[Aim of the task] In the material below, the required lines run from the one containing "Free Image of" through the one containing "Recessed window with". Copy those lines exactly, ends included, and nothing else.

Material shown START

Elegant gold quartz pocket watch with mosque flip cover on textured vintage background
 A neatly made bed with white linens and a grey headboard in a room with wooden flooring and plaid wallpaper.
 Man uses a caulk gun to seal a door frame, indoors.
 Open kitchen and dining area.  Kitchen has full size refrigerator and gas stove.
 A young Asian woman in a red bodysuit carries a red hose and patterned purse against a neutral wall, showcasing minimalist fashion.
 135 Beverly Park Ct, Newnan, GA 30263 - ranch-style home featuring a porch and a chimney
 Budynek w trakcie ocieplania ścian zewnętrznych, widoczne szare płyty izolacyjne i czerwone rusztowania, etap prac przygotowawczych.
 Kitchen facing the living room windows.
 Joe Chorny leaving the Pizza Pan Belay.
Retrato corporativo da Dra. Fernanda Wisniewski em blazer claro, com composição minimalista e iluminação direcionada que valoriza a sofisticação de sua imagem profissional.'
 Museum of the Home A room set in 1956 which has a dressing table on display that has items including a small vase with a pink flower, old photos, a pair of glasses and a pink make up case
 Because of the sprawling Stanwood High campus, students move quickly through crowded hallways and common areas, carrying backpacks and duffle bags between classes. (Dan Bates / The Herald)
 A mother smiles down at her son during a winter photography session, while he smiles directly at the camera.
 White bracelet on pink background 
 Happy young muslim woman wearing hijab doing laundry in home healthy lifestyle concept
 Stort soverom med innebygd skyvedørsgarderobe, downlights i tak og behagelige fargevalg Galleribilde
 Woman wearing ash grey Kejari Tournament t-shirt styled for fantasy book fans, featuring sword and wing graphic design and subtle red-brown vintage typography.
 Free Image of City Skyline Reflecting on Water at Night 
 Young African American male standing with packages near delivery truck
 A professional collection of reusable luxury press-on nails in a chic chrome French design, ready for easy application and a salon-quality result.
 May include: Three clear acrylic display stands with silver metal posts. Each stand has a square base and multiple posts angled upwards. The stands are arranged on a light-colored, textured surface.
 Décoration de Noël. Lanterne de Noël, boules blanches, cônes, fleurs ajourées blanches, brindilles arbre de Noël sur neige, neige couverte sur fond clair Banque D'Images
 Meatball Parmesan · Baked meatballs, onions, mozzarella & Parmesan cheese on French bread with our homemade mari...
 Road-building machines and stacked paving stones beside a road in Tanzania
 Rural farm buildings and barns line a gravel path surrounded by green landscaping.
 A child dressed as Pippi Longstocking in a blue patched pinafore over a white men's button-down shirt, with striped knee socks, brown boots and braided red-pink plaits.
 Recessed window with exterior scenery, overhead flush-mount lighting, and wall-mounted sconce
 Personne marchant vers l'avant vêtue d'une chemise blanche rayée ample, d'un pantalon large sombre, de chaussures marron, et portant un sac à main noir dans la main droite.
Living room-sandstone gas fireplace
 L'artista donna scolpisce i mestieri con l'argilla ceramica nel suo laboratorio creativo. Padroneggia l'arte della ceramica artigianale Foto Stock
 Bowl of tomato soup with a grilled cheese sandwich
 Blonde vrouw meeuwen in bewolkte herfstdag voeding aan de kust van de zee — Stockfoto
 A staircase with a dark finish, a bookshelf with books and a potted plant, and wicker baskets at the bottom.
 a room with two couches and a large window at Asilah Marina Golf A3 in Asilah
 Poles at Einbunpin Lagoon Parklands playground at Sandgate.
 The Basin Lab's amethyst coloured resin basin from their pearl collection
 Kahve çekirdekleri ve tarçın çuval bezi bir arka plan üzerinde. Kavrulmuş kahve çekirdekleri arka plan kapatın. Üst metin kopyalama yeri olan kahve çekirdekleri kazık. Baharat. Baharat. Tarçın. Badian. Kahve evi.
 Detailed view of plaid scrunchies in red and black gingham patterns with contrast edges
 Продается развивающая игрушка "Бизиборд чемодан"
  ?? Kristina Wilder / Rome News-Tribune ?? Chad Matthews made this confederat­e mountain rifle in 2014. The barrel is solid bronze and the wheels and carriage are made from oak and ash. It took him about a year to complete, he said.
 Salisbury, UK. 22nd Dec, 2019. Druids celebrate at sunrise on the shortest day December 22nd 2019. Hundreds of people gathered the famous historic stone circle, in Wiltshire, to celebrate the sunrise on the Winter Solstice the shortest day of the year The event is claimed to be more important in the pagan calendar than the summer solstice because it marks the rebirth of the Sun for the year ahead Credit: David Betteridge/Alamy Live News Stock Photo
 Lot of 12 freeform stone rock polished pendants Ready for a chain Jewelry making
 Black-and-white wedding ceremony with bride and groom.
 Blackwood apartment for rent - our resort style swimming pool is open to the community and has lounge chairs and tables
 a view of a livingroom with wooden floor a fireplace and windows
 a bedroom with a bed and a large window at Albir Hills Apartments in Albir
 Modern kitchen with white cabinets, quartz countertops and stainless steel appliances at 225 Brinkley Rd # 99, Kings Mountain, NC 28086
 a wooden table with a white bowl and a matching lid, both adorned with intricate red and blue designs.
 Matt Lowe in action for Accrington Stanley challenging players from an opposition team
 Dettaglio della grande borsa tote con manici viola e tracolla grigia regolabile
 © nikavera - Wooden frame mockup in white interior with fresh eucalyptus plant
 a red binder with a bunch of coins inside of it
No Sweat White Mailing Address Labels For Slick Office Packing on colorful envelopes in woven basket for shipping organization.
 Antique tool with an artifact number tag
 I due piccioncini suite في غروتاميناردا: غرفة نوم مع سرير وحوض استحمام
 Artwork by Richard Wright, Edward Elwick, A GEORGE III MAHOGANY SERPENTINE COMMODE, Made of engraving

Material shown END

[Solution for this task]
 Free Image of City Skyline Reflecting on Water at Night 
 Young African American male standing with packages near delivery truck
 A professional collection of reusable luxury press-on nails in a chic chrome French design, ready for easy application and a salon-quality result.
 May include: Three clear acrylic display stands with silver metal posts. Each stand has a square base and multiple posts angled upwards. The stands are arranged on a light-colored, textured surface.
 Décoration de Noël. Lanterne de Noël, boules blanches, cônes, fleurs ajourées blanches, brindilles arbre de Noël sur neige, neige couverte sur fond clair Banque D'Images
 Meatball Parmesan · Baked meatballs, onions, mozzarella & Parmesan cheese on French bread with our homemade mari...
 Road-building machines and stacked paving stones beside a road in Tanzania
 Rural farm buildings and barns line a gravel path surrounded by green landscaping.
 A child dressed as Pippi Longstocking in a blue patched pinafore over a white men's button-down shirt, with striped knee socks, brown boots and braided red-pink plaits.
 Recessed window with exterior scenery, overhead flush-mount lighting, and wall-mounted sconce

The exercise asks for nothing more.